Technical Review: A Deep Analysis of the Dirty Pipe Vulnerability
Dirty Pipe (CVE-2022-0847) proved that there is a new way to exploit Linux syscalls to write to files with a read-only privileges. The fact that someone can write to a file regardless of its permissions is a big security threat. An application of this vulnerability would be to write on the host from an unprivileged container. Keep in mind that this vulnerability is a kernel vulnerability which makes it hard, or even impossible, for user-mode runtime monitoring programs to detect this sort of file modification. In this blog we’ll show how Tracee, which is designed with a deep understanding of the Linux kernel, allows for runtime monitoring when this vulnerability would be exploited. We will detail how this vulnerability works, why it’s so unique, and how in-kernel technology like eBPF is still able to monitor writes that result from it.
Technical Breakdown of Dirty Pipe
File Copying Advancement in Linux
To copy a file with a naïve writing method, one needs to read the file (copy from kernel to user) and then write to a new file (copy from the user to the kernel).
This method however is awfully “expensive” since you need to copy the entire data twice, while switching back and forth between spaces, only to move it between two objects in the kernel.
In kernel v2.2 the sendfile syscall was introduced followed by splice syscall in v2.5 and copy_file_range in v4.5. The purpose of all these syscalls is very simple – allow the user to copy from one file to another without moving through the user-mode, sparing the most expensive step of data transition between files. Reduced operations copy like the one described is called zero-copy. There are more implementations of this principle (like mmap etc.), but these examples are relevant syscalls for data transfer between two files.
Having said that, merely avoiding the operation of copying to and from the user-mode is still not enough to save computation power and space. Imagine copying a piece of data from one file in the disk to another (or hundreds) in your tempfs (so it is backed by memory instead of disk), and never modify it afterwards. Isn’t it a waste to copy the whole file content when it is already in the memory?
To address this issue, the kernel implemented a sophisticated idea – data copy will be issued only when one modifies a copied data. This might mean a real zero-copy – if no modification is completed then the system didn’t copy any data at all. So how is it done? The smallest memory block used by the kernel is the page. Thus, when transferring data, the kernel tends to do it in page units. When copying from one file to another using one of the above mentioned syscalls in a simplistic way, the kernel will copy pages from one file to another.
Therefore, to avoid copying until required, the kernel will not copy the page – it will copy a pointer to the page from one file to another.
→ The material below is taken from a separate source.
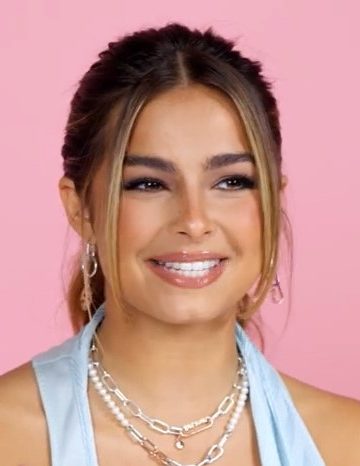 Addison_Rae_Pandora_ME_2021_02_(cropped) Von TheOfficialPandora - YouTube: https://www.youtube.com/watch?v=wFZgXFkTg0s – Archivierte Versionen ansehen/speichern auf archive.org und archive.today, CC BY 3.0, Link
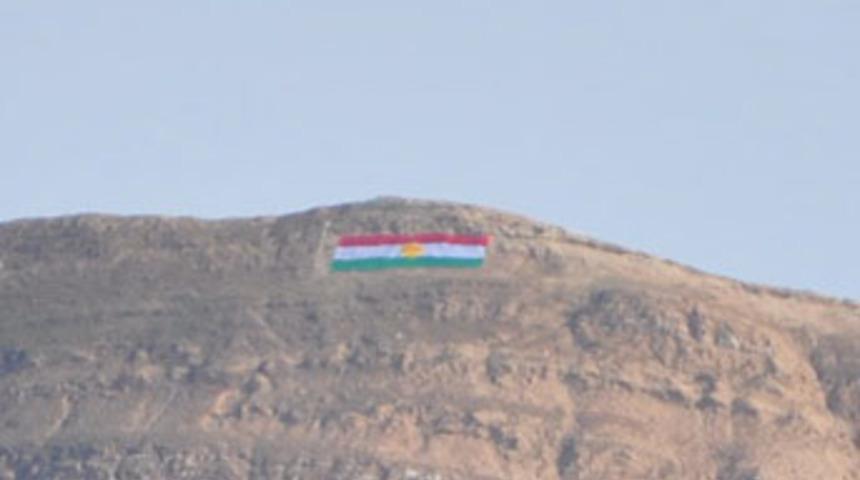 Peşmergelerden kutsal dağa Kürt bayrağı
And, when a modification to the page is required by one of the files, the kernel will copy the data to a new page and modify it there. This concept is called Copy on Write (COW).
This feature is even more useful with the splice syscall. Splice is an operation of copying data between two files when at least one of them is a pipe. A pipe, a file whose read and write operations work in First In First Out (FIFO) order, is used broadly to move data between two processes or threads. This means that a pipe file’s data should never be modified because the pipe is only an intermediate station for the data transfer. In this case, when copying data into a pipe using splice, which is a zero-copy method, the kernel can safely copy a reference of the read file’s page to the pipe. In other words, splice to a pipe is a perfect zero-copy operation with minimal cost!
A deeper dive into pipes and splices
As mentioned above, pipe is a FIFO file, which is used broadly in communication between processes. From the kernel point-of-view, a pipe is an implementation of a file (aka file struct).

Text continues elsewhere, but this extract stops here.